Bird recently announced a new form factor for micromobility, the Bird Cruiser. It’s a cross between an electric scooter, a bicycle and a moped.

It looks remarkably similar to the Wheels “electric bike” cruisers. When Wheels launched their whole value proposition was based around their superior hardware, which promised better comfort, safety and durability than electric scooters.

Wheels electric bike via TechCrunch

I imagine we’ll see a similar form factor from Lime in the future; they’ve already made the transition from bikes to scooters.

If this is the start of scooter wars 2.0, it does not bode well for Wheels.

Product innovation does not beat network effects

We’d all like to believe that innovators with the best product win. Sometimes that’s true. But in the consumer world, where your product is easily observable by your competitors, product innovation is a fleeting advantage.

Product innovation is particularly vulnerable in a two-sided marketplace like micromobility. Where there are network effects, the smallest players can’t win just by building better products. The bigger players can choose to fast follow the most successful innovations. They can outsource experimentation and R&D to the market and then replicate the winners.

Micromobility isn’t the only industry where this has happened. Smaller companies often pioneer innovations which become industry standards. Then the bigger players end up reaping the benefit.

The ridesharing example

Uber started out as a high end limo rental service. Sidecar was the first to come up with now ubiquitous ride-hailing experience including crowdsourcing drivers and indicating destination (instead of origination location).

But Uber and Lyft fast followed and ultimately won due to their larger base of riders and drivers. Network effects beat product innovation.

Even after Sidecar was acquired, the pattern continued. Lyft innovated ride sharing with Lyft Line by allowing two passengers with the same rout to split the cost of a ride. This was quickly followed by UberPool.

The daily deals example

Something similar happened in the daily deals space. LivingSocial led innovation in the industry, introducing features like “LS Escapes” (travel) and “Instant” deals (on demand), which Groupon followed with Groupon Getaways and Groupon “Now”. Groupon was able to roll these out to a greater set of both consumers and merchants. Network effects won out and eventually Groupon bought LivingSocial.

The social media example

The same could be said for Snapchat. Snapchat pioneered the stories format in 2013. At a time when all feeds were reverse chronological order, telling stories end-middle-beginning, Snapchat started telling stories beginning- middle-end. Snap also pioneered AR face filters which are incredibly popular. As a result, Snap grew incredibly fast, quickly reaching 110m DAU by December 2015. But then in August 2016, Instagram launched its own version of stories, and in May of 2017 it launched its own face filters. By mid 2017 it had more users of Stories than Snap. And while Snap is still a major social media company, its growth has slowed.
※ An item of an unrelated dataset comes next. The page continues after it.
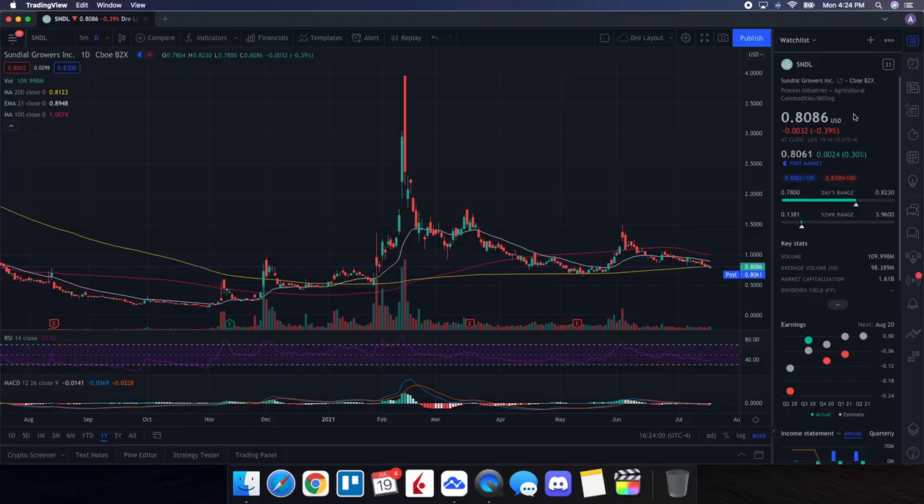Now let's jump into the technicals — a technical analysis for SNDL Sundial Growers. It ended up closing at 80 cents, down 0.39%. On the low it tested 78 cents, and on the high it tested 82 cents. Looking at volume stats on the day, it traded 109.998 million shares. The average volume over 10 trading days is 98.389 million, so we had above-average volume today, which was good to see. But we did have a good amount of selling pressure, which is part of the reason we finished down.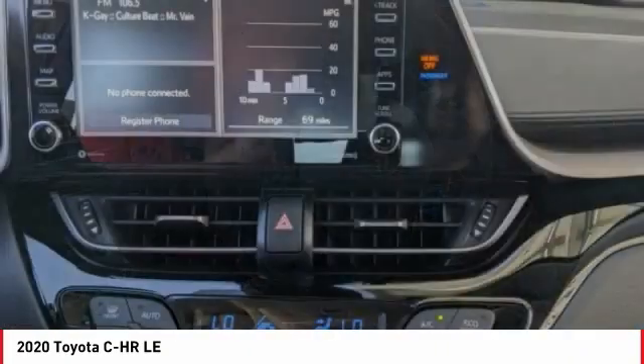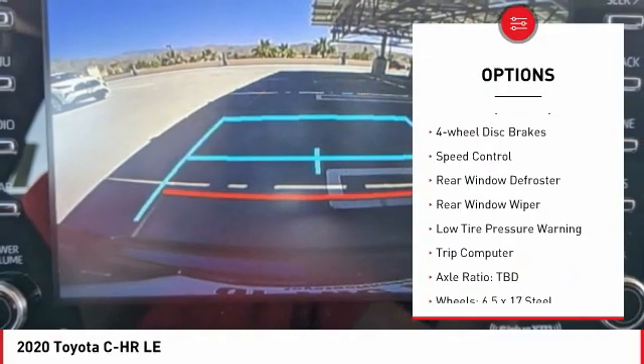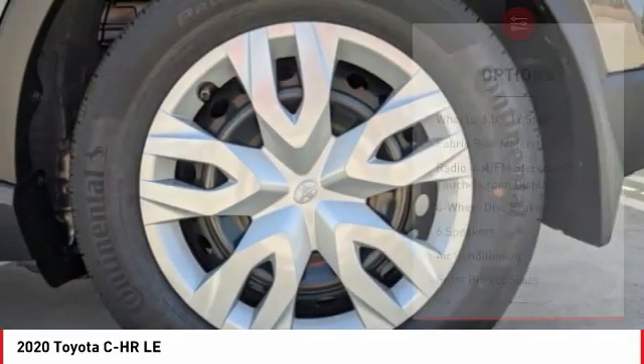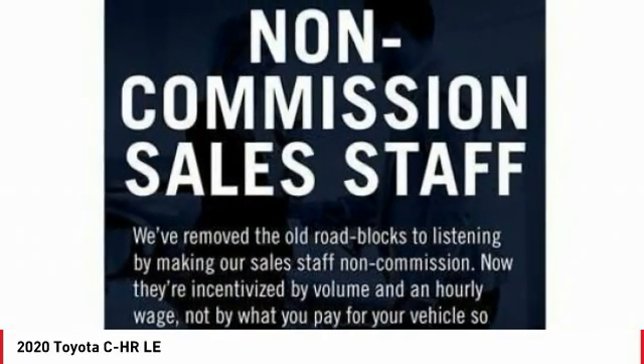Here are some of this vehicle's great options: electronic stability control, brake assist, traction control, remote keyless entry, four-wheel disc brakes, speed control, rear window defroster, rear window wiper, low tire pressure warning, and trip computer.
Network effects are very difficult to overcome. They give lasting benefit to the largest players in an industry. Sometimes smaller players believe that they can catch these winners from behind through product innovation. Often these smaller players have genuinely great teams with genuinely better products and insights. But it is rarely enough. Unfortunately, the leaders in industries with strong network effects cannot be overcome through product innovation alone.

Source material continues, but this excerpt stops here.